Bafa Gölü’nde, Mayıs ayında meydana gelen alg patlamalarından sonra başlayan ekolojik bozulmaların şekil değiştirerek devam ettiği görülmektedir.Mayıs ayında meydana gelen bozulmalardan sonra, yağmurlarla göle su girişi olmuş ve Büyük Menderes Nehri’nden bir süreliğine göle su akışı sağlanmıştır. Pamuk tarımı başladığından, göle su girişi sağlayan ve gölden su çıkışını temin eden kanalların önü toprakla kapatılarak, su giriş –çıkışları pamuk sulama mevsiminin bitimine kadar durdurulmuştur.
Bafa Gölü’ndeki ekolojik bozulmaların en net şekilde görüldüğü Kapıkırı’nda, gümüş balıklarının binlercesi ölerek kıyıya vurmuştur.
SDÜ Eğirdir Su Ürünleri Fakültesi’nden EKODOSD bilim danışmanı Yrd. Doç.Dr. Erol KESİCİ “ İlk belirlemelere göre Bafa Gölü’nün Kapıkırı bölgesinde meydana gelen balık ölümlerinin nedeni, sudaki oksijen yetersizliği ve sudaki bulanıklık nedeniyle balıkların solungaçlarının tıkanması sonucu havasızlıktan dolayı adeta balıklar suda boğulmuşlardır.
Akdeniz kökenli olan ve göllerimize balıklandırma yöntemiyle de katılan Gümüş balıkları(Atherinaboyeri- boyları 5-12 cm) deniz ve göllerde yaşayabilen çok - hareketli balıklarındandır. Çok farklı su özeliklerinde yaşayabilen dayanıklı balık türleri olmasına rağmen, Bafa Gölü’nde kitleler halinde gümüş balığı ölümlerinin görülmesi düşündürücü olmasının yanı sıra göldeki kirliliğin diğer bir göstergesidir.
Bafa Gölü’nün yıllardır kirlilikte en somut göstergesi olan ve gölün dingin dönemlerinde gölün bilhassa batı kısmını tamamen kaplayan alg çoğalması hala devam etmektedir. Gölde birim alanda bulunması gereken Mavi-yeşil alg oranı binlerce kat fazladır. Bunun sonucunda gölde sediment miktarı artmakta buna bağlı olarak sudaki oksijen seviyesi önemli oranda azalmaktadır. Bunun sonucunda da su canlılarının- balıkların ölümleri gerçekleşmektedir.
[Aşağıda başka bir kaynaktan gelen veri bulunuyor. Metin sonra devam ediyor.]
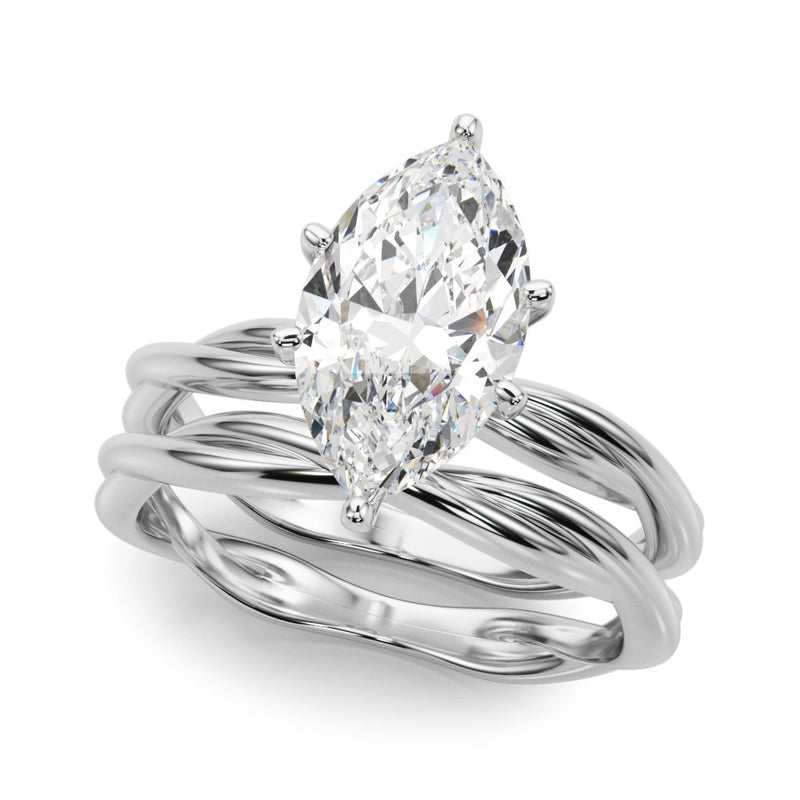 Gala Round Twisted Shank Engagement Ring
Kirlilik ve bulanıklık nedeniyle gölün batı kesimini çamur rengine dönüştüren ve bu tür doğal olmayan renk değişiminin görüldüğü sularda öncelikle aşırı oranda oksijen seviyesinin düşmesi kaçınılmazdır ve her zaman için beklenen bir durumdur.
Bafa Gölü’nün doğu kesimleri (GÖLYAKA - KAPIKIRI)coğrafik konumu bakımından farklı kesimi olup, tarihi-kültürel-ekolojik doku özelikleri yönünden çok zengin bir dokuya sahiptir. Bu kesim adeta büyük bir koy görünümünde olup, çok hassas bir yapıya sahiptir.
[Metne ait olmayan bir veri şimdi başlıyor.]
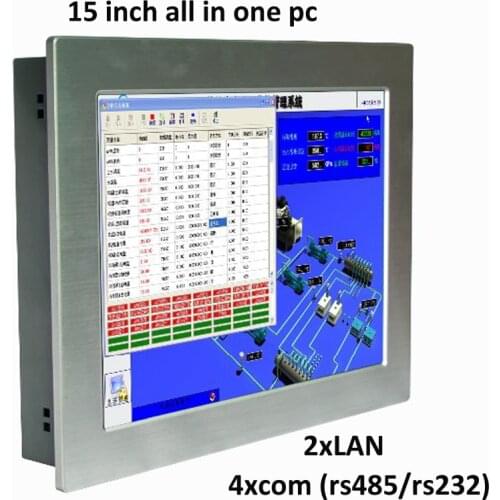 High quality 15 Inch Dual Core Intel atom N2800 processor industrial touch Panel Pc for Security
Bu nedenledir ki Bafa Gölü’nün en çok kirlenen, gölün atıklarının yoğun olduğu ve gölde tuzluluk oranının en yüksek olduğu kesimdir. Doğal yapısı korunmayan bölgede göl suyu aşırı oranda bulanık, hava koşullarına ve sedimente bağlı olarak suyu farklı renklere bürünmekte(mavi—yeşil-sarı-kahve rengi) ve dalgalanmaya rağmen sudaki çözünmüş oksijen seviyesi oldukça azdır(1-3 mg/l.). Su sıcaklığının etkisiyle birlikte, su kalitesinde bu tür çok farklı değişim gösteren göllerde canlıların yaşaması söz konusu değildir.
Bafa Gölü’nün coğrafik ve ekolojik bakımdan farklılık gösteren dışarıdan su girişinin olduğu SERÇİN kesiminde(gölün kuzey- batı-batı kesimlerinde) suda çok fazla bulanıklık söz konusu olmayıp, oksijen seviyesi Gölyaka ve Kapıkırı’ya nazaran daha iyi olup bu kesimde de balıkçıların ifadelerince balık bereketi söz konusudur. Bu kesim tür çeşitliliği ve su kalitesi yönünden farklılıklar içermektedir.
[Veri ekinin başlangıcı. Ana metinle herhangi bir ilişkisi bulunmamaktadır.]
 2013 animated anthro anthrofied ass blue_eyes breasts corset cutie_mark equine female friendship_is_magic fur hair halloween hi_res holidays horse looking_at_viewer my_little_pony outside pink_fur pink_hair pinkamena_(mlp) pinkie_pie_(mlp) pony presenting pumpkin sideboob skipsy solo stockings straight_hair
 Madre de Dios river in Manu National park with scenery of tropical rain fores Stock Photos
Bafa Gölü’nün sorununu da, çözümünü de gölle çalışan bilim insanları defalarca dile getirmekte ve önerilerini sunmaktadır. Yıllardır bu konuda çalışmalarını özveriyle sürdüren bilim insanlarına kulak verilmeli ve çözüm için girişimlerde bulunulmalıdır. Bafa Gölü önlem alınmaz ise önümüzdeki günlerde çok daha ciddi sorunlarla karşı karşıya kalabilir. Bir gölde aşırı kirlilik göstergesi olan alg çoğalması sonucunda gölün suyu yeşile-kahverengiye boyanıyorsa ve gölün içindeki dayanıklı balıklar kitleler halinde ölüyorsa artık beklenmemelidir. Balık ölümlerini ilgili kurumlara bildirdik.